Haunting 16th C. Nepalese Stone Mythical Singha Lion Temple fragment
Origin: Nepal, Provenance: Found in an old collection of Asian Art in San Francisco
Period: At least 16th century, possibly older
Materials: Stone, libations, ocher pigments
Description: This haunting and powerful temple fragment features a stylized Lion "Singha" having open mouth with exposed teeth. Its tail rises from the base and is positioned behind the back. its paw is resting on the chest, showing distinctive parted claws. It has an impressive encrusted patina from years of religious worship and still has remnants of applications of orange ocher pigments! There are many carved striations which match the texture and hair of the creature. In good condition with old loss to left tooth. A custom stand may be order for an additional fee.

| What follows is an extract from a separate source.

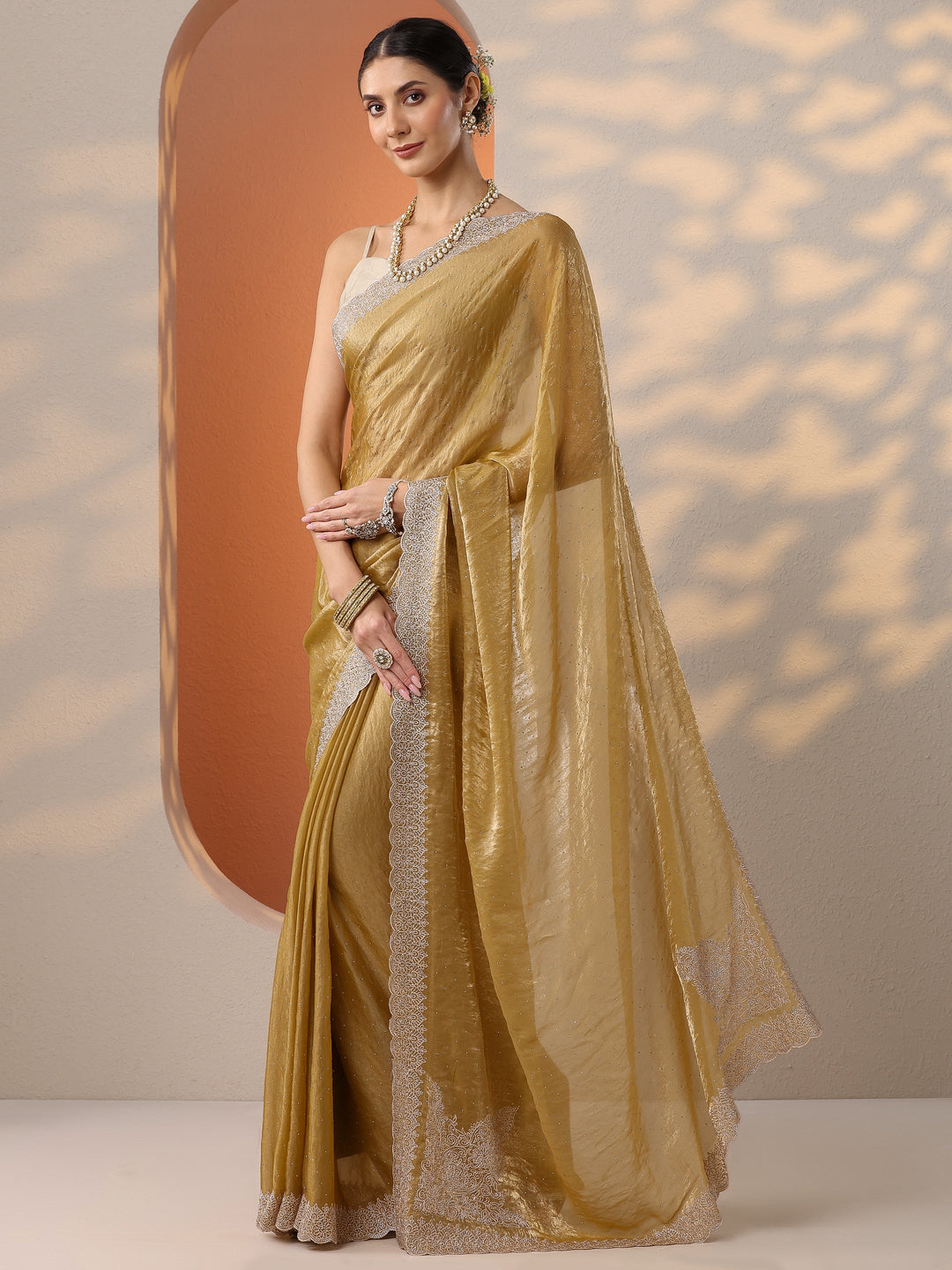  Mustard Embroidered Organza Saree With Unstitched Blouse Piece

Dimensions: Height 10.25” (26 cm), Width 6” (15.5 cm), Depth 3.5 (9 cm)
Weight 9 lbs
The literal translation to Nepali for Singha is “lion”. Two lion-like stone or metal figures are placed at two sides of entrances of temples in Nepal. The Singha is the mythical lion that is believed to guard the entrances according to the Buddhist religion. Like elsewhere, the lion also represents royalty and leadership, thus it may also represent the link between kings and gods. The Singha wards off negative energy from religious places and is revered as a powerful creature.